● Work order
Please output the section of the listing below that opens with the line containing "Impact Keto ACV" and closes with the line containing "Jackets > Winter", exactly and with nothing else.

● Dataset extract

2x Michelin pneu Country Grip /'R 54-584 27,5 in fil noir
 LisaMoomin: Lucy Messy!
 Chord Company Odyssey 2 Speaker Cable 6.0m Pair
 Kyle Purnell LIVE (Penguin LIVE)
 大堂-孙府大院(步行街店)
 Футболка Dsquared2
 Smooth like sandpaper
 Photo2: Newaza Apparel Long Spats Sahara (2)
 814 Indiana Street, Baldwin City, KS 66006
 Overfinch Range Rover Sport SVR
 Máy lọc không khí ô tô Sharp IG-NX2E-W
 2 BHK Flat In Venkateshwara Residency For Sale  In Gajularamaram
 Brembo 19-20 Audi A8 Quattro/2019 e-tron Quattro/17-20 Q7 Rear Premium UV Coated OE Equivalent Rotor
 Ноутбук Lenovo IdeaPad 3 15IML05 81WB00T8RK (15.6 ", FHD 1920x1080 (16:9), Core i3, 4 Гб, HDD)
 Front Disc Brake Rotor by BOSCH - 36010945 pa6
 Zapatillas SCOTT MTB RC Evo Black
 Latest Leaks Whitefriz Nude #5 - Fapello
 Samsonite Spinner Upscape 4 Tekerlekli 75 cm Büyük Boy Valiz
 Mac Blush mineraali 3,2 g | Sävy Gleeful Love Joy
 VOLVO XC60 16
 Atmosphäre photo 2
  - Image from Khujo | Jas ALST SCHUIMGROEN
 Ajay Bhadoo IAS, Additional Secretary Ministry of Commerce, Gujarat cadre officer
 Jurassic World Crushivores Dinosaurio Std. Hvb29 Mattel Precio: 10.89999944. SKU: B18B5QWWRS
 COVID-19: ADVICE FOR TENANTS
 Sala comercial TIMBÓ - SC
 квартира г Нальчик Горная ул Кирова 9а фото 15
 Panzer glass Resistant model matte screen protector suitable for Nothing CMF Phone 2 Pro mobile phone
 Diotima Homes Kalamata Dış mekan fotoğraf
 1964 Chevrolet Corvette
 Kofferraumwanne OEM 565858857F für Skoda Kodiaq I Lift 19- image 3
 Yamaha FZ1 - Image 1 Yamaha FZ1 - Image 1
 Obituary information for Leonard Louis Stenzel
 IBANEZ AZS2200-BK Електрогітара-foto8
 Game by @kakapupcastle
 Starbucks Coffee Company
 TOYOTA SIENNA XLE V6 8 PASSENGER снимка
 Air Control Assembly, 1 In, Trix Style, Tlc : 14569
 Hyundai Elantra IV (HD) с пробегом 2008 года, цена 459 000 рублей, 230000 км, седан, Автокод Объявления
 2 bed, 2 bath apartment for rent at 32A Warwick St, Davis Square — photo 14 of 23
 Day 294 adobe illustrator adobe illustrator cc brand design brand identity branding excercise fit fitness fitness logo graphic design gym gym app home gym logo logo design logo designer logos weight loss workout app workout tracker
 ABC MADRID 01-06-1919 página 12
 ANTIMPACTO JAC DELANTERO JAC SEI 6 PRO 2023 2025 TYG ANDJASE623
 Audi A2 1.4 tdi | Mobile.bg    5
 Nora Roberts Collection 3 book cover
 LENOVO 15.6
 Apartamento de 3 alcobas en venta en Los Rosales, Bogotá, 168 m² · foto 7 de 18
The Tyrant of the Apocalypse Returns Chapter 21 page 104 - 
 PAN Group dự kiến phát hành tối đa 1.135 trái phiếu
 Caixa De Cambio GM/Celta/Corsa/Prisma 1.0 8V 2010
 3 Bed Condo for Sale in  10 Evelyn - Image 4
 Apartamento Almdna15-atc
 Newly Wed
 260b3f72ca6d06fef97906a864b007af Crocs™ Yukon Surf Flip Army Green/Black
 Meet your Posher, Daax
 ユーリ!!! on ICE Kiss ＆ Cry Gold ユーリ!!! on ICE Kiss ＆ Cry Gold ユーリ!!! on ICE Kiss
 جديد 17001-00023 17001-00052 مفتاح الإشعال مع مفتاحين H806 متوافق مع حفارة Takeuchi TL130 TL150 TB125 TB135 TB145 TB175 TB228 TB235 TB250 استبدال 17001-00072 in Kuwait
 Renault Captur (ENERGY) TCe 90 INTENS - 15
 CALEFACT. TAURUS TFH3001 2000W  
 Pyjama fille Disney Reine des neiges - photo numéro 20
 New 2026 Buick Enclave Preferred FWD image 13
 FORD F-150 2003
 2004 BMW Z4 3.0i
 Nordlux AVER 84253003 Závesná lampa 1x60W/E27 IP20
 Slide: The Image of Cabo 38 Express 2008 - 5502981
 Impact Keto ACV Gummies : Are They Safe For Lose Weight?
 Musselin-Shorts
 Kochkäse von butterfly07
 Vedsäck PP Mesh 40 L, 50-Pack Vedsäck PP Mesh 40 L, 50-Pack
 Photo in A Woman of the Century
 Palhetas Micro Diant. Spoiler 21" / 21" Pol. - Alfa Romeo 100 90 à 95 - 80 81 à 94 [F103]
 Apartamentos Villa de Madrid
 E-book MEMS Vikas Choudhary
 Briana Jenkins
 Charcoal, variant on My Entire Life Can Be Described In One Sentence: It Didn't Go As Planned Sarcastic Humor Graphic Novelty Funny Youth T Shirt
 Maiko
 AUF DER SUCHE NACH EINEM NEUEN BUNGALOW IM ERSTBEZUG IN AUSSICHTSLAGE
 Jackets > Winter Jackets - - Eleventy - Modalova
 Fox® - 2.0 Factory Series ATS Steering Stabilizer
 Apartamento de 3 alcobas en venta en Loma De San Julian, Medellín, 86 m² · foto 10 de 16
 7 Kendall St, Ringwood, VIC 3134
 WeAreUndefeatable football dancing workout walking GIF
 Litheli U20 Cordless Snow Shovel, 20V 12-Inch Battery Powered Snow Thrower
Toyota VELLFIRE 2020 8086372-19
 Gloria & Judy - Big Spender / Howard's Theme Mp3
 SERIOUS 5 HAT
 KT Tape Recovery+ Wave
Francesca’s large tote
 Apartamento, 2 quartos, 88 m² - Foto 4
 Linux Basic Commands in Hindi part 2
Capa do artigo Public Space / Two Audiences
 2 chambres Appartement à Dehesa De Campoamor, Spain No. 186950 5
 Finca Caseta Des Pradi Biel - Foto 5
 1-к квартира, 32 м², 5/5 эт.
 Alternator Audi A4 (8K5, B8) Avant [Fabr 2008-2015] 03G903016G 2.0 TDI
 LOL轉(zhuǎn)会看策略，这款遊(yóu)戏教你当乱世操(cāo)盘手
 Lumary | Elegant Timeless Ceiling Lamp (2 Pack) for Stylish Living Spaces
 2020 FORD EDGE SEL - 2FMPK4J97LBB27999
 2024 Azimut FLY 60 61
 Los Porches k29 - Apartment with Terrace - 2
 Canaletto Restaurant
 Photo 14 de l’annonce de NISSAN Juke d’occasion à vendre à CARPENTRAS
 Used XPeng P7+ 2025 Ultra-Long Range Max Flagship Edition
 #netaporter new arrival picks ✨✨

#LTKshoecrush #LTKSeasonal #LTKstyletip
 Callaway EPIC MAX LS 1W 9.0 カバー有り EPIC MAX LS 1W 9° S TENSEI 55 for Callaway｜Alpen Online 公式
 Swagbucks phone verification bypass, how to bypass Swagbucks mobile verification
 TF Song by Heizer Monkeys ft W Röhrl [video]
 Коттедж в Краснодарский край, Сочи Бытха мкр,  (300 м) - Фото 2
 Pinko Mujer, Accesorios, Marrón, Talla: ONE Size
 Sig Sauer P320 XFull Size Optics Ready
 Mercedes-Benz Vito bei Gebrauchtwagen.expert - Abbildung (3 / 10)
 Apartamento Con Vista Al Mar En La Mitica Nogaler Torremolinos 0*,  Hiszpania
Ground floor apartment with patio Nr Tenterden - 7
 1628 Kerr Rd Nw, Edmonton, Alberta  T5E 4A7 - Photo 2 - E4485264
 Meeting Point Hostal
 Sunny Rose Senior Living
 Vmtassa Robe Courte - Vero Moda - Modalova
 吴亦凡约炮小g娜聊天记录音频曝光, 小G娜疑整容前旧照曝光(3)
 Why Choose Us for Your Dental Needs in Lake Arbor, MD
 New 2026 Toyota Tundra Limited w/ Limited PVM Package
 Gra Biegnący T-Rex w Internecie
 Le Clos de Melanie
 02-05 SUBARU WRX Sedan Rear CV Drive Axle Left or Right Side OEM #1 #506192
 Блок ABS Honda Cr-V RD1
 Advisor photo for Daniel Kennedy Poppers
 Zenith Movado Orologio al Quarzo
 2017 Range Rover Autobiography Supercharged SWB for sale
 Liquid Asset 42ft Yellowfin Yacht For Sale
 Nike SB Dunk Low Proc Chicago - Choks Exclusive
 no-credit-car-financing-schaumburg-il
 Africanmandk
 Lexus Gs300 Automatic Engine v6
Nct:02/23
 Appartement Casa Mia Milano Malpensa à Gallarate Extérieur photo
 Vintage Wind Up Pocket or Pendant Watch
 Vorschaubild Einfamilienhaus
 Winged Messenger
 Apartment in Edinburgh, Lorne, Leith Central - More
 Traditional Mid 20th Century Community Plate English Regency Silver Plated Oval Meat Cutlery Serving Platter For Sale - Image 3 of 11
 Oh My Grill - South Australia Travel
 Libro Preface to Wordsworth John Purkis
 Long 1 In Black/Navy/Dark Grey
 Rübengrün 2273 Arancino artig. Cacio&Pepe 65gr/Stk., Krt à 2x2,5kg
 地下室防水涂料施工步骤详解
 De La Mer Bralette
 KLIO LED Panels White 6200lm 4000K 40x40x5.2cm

● Exercise result
 Impact Keto ACV Gummies : Are They Safe For Lose Weight?
 Musselin-Shorts
 Kochkäse von butterfly07
 Vedsäck PP Mesh 40 L, 50-Pack Vedsäck PP Mesh 40 L, 50-Pack
 Photo in A Woman of the Century
 Palhetas Micro Diant. Spoiler 21" / 21" Pol. - Alfa Romeo 100 90 à 95 - 80 81 à 94 [F103]
 Apartamentos Villa de Madrid
 E-book MEMS Vikas Choudhary
 Briana Jenkins
 Charcoal, variant on My Entire Life Can Be Described In One Sentence: It Didn't Go As Planned Sarcastic Humor Graphic Novelty Funny Youth T Shirt
 Maiko
 AUF DER SUCHE NACH EINEM NEUEN BUNGALOW IM ERSTBEZUG IN AUSSICHTSLAGE
 Jackets > Winter Jackets - - Eleventy - Modalova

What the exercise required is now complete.